Media sources, too, have joined in the fray, stubbornly using the wrong pronouns when reporting on Lumumba’s murder despite their being non-binary. And even after they were killed because of their identity, it is still not recognized or acknowledged. In an article published by Classic 105, the author continually refers to Lumumba as “she”, negating their experience, and in some ways erasing the reason why they suffered such a horrible fate.
In a series of tweets, Kenyan Twitter user and Queer rights activist, @DecolonialBruja, echoed our fears of lack of protection and sheer vulnerability as Queer Kenyans saying, “Sheila and I are both 25 and lesbians. I can’t rest because I am one statistic away from being this,” while also taking the Kenyan police force to task on not providing Lumumba’s family with answers concerning their gruesome murder. Lumumba’s mother divulged the horrifying state of their body which had stab wounds in several places including in both eyes, while their head showed signs of blunt force trauma leading to her death through exsanguination.
Lumumba’s mother’s cries for justice as she wept on national TV are all too familiar to many of us, as we live in the constant fear that our mothers will, one day, have to deal with the fact that someone saw it fit to take their child out of this world because of their sexual orientation or gender identity. Her tears remind me of each time my mother would urge me to please take care when leaving the house which we both understood was code for “please come back alive.”

One might also ask what such a death has to do with Queer Kenyans like us who are so removed by living abroad. And the answer is simple. It is a brutal reminder of what we left behind and what many of us actively ran away from; of a fate that awaits us should we ever return, and a constant worry while we are abroad, because relocation does not augment our identities and orientations, but further compounds them in conjunction with our race.
There is always someone or something somewhere that reminds you of your place at the bottom of the societal totem pole in your country. Just a few years ago, a stranger in a nightclub in Beijing who introduced himself as a fellow Kenyan reminded me that were we back home, he would have been the first to “weka tairi” or burn me alive using a car tire, a remark he made breezily as he continued to dance next to me. We too live in a state of paranoia, afraid of the dangers that abound in our adoptive countries, and too terrified to return home.

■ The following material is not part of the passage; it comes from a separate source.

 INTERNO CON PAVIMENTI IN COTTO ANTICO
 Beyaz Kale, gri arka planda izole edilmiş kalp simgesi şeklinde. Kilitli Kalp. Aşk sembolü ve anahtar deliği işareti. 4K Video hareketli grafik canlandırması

Lumumba’s murder has once again highlighted the various states of “unliving” that Queer people have to endure in Kenya. For many who come out, they are ex-communicated by family, and for those who are tolerated, should such a tragedy happen then family members ashamedly accept the events and hope to quietly move on, and for those who are accepted, their families live under constant fear, always expecting the worst and too pessimistic to hope for the best because we know our country well enough to never expect much. Lumumba did not deserve such a fate, and their killers must be brought to justice. And if their death serves a purpose, then let it be that Kenyans and the rest world alike begin to recognize the lives of terror that we Queer people live, and give us the right to live without violence.
Acknowledging our humanity should not be an impossible task and protecting every citizen under the law should not be a privilege but a right. And just as no one deserves such a horrendous end, no one deserves to live a life of constant degrees-of-separation evaluating, trying to figure out just how far from a violent end one is daily.